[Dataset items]
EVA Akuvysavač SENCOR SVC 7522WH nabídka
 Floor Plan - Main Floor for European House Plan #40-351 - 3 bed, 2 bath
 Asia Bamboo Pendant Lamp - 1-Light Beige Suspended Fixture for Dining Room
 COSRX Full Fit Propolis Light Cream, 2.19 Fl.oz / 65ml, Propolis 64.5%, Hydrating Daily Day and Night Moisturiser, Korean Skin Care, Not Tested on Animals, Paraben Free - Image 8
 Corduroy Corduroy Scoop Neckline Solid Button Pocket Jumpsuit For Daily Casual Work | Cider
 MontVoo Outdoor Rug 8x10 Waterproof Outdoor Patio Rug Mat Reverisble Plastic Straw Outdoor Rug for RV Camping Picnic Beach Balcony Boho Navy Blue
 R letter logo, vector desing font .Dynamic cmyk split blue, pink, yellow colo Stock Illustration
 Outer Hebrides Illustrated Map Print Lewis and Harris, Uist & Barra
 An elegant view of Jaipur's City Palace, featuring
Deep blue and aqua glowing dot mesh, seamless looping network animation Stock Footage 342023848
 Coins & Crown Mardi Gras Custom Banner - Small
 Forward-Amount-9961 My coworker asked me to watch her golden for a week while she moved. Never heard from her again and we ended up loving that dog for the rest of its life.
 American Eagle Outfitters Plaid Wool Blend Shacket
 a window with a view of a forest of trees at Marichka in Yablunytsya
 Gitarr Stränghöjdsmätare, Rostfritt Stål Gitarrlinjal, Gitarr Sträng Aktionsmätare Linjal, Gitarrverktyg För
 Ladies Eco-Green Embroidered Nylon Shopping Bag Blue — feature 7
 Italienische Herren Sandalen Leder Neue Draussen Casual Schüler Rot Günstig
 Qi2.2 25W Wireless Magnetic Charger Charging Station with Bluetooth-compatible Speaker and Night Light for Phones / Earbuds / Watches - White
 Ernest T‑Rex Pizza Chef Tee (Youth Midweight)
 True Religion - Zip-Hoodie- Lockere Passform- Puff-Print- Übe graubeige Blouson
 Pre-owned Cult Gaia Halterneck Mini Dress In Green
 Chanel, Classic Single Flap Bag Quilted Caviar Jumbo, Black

# [WHAT YOU NEED TO DO]
Some lines in the records above contain "view". Count them and give the number only.

# [TASK SOLUTION]
2